What is the field of application for comparators? — It is literally any device; many microcontrollers have built-in comparators of their own!

Remember our post on PWM (https://teardownit.com/posts/pwm-led-dimmer)? That circuit used as many as two comparators—U1A and U2B.

What could be simpler than a comparator? It compares two voltages at its two inputs, and based on the result of this comparison, it connects its output to the positive or negative power line.

When the voltage at the non-inverting input is higher than at the inverting input, it will be a positive supply voltage line and, accordingly, a high voltage level, a logical one. Otherwise, it will be a negative power line, a low level, or a logical zero.

Why does the comparator look like an op-amp in the diagram?
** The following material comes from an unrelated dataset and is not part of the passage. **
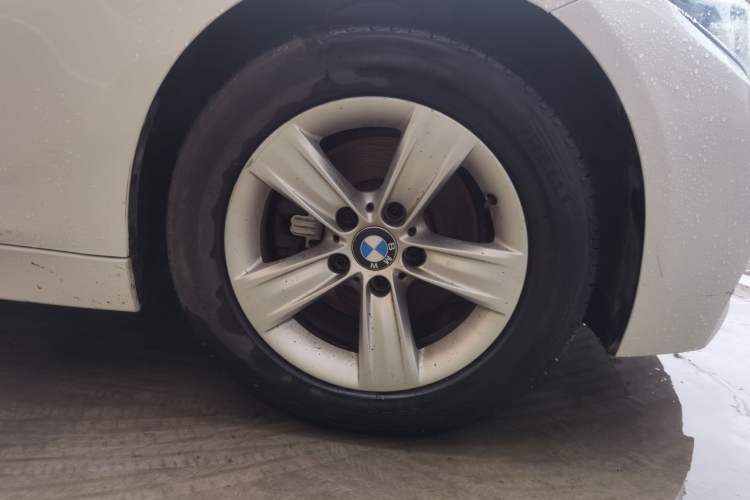 Used BMW 3 Series 2013 320i Sport Edition Right Front Wheel Hub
Most often, this is the operational amplifier.

U1A switches the timing capacitor C1 to charge or discharge, depending on the voltage at point C, which comes to the non-inverting input of the comparator through resistor R10.

Let me draw your attention to resistor R9, as it is of great importance in this scheme.

We are accustomed to connecting a resistor between an op-amp's output and the inverting input to set the gain. This is negative feedback.

The output of U2A is connected to its inverting input. We should recall two fundamental principles of the operation of an operational amplifier: virtually no current flows through its inputs, and the output voltage, with negative feedback present, will be such that the voltages at the inverting and non-inverting inputs are equal.

Thus, the voltage at the output will equal the voltage at the non-inverting input. We've got a buffer—a voltage follower.

Why do we need such a buffer? Because the input impedance of the operational amplifier is very high, and the output impedance is low.

That means we can transmit input voltage to the load that requires a significant current and simultaneously not overload the circuit generating this voltage and not distort its operation.

And here is a small part of the Fulltone OCD guitar pedal circuit from our post about DIY Dumble-like sounding MOSFET Overdrive. The operational amplifier no longer repeats but amplifies the input voltage.

For simplicity's sake, let's ignore capacitors, although they contribute to impedance. We have to understand the core principle.

The amplifier input is the left terminal of resistor R10. To pull up the non-inverting input of the op-amp to virtual ground, which is half the supply voltage, resistor R12 is used.

R10 and R12 form a voltage divider. The voltage at the non-inverting input will equal the input multiplied by R12 / (R10 + R12) = 220 / 230 = 22/23.

22/23 is almost 1, so we'll assume that the voltage at the non-inverting input, and therefore at the inverting input, is equal to the input.

R13 and R11 are also voltage dividers in the feedback circuit of the operational amplifier. The output voltage will equal the input voltage multiplied by (R13 + R11) / R11 = 189 / 39 = 4.85. Or 4.64, if you insist on multiplying by 22/23.

Let's get back to the PWM regulator circuit. Here, we have the same voltage divider but in a stage of positive rather than negative feedback! And it is assembled with resistors R9 and R10.

Almost no current flows through the inputs of an op-amp; it only goes through R9 and R10. And since this is the same current (let’s denote it as 'I'), we can write the equations of Ohm’s law for resistors R9 and R10.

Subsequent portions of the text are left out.